Why did he do it? Why wasn’t he sitting in class at Dundalk High School that weekday morning? Had he decided against going to college, or did he really think he could commit a felony in Maryland and still go on to school in Virginia as if nothing had happened? We’ll never really learn the answers to these questions this side of Eternity, but I do have some ideas.
There is a siren song heard by black kids all over the country at some point in their lives. Kids in the inner-cities hear it more often than others. This sly, lying song whispers in the ears of our children and tells them that things like going to college and similar achievements aren’t really black things. The kids hear this message on television and the radio – especially from rap music with its glorification of ignorance, ugliness and violence. They also hear it from some teachers and adults who privately believe blacks aren’t able to cut it academically anyway. And they hear it from their peers as well.

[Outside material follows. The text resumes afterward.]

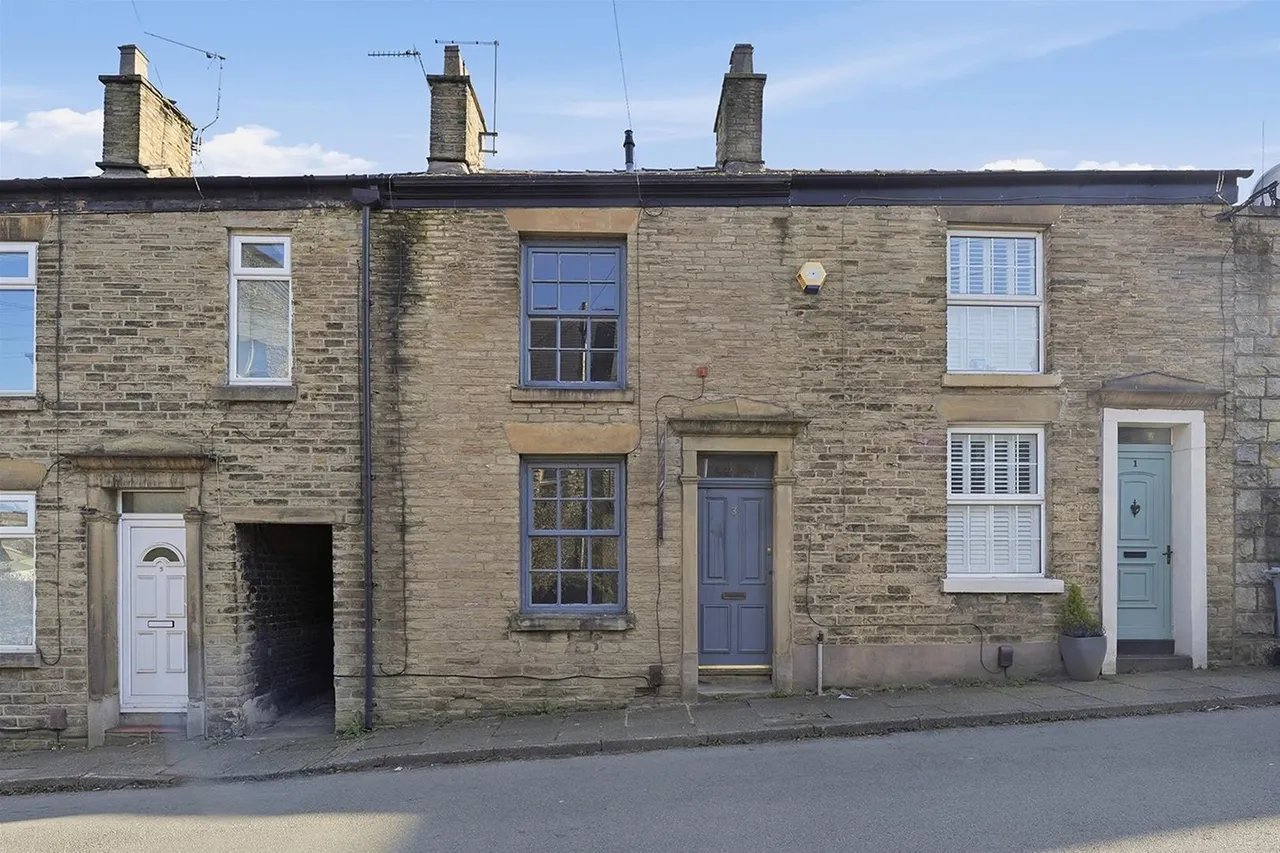 2 bed house for sale — Adlington Road, Bollington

I heard the song myself. When I was in school, most of my neighborhood friends scorned my ambition to go to college and become a writer. The idea that anyone from our block could be something other than what we already were was crazy to them. Two things saved me from traveling the same dead end road as my friends. First, I simply wasn’t allowed to stray while under the watchful eyes of my parents. The second thing was knowledge that I’d have to give up the dreams I was working so hard to reach in order to fit in.
Derrick was loved, but he was living on his own. He’d left the discipline and protection of his stepfather’s home back in December, and probably found himself unable to cope with adult responsibility. One relative claims Derrick got involved with the wrong crowd. Apparently, he had everyone – his old friends, family and teachers – fooled. Nobody saw the bright boy with the easy smile and confident charm turning into a criminal. There was nobody to step in and pull him back from the edge.
Derrick made a terrible and foolish set of choices. None of Derrick Breedlove’s friends and teachers publicly blamed anyone for Derrick’s death but Derrick. Deanna Fleming, chairwoman of the neighborhood community center, lamented that Derrick’s actions were a huge disappointment to the younger Turners Station kids who saw him as symbol of pride and hope because of his football stardom and his chance to go to college.
The legendary singer Nina Simone once wrote a song called “Young Gifted and Black.” In the song, Simone sings about the “lovely precious dream,” the chance to make one’s life a success and the chance to get an education. Derrick Lemell Breedlove’s dream is dead. That’s something to be both sad and angry about because it’s a loss to the black community that can’t ever be made up.
Why Derrick decided to give up on himself and his dream we can’t ever know, but I think we all know that we can’t lose another dream.
Note: New Visions Commentaries reflect the views of their author, and not necessarily those of Project 21.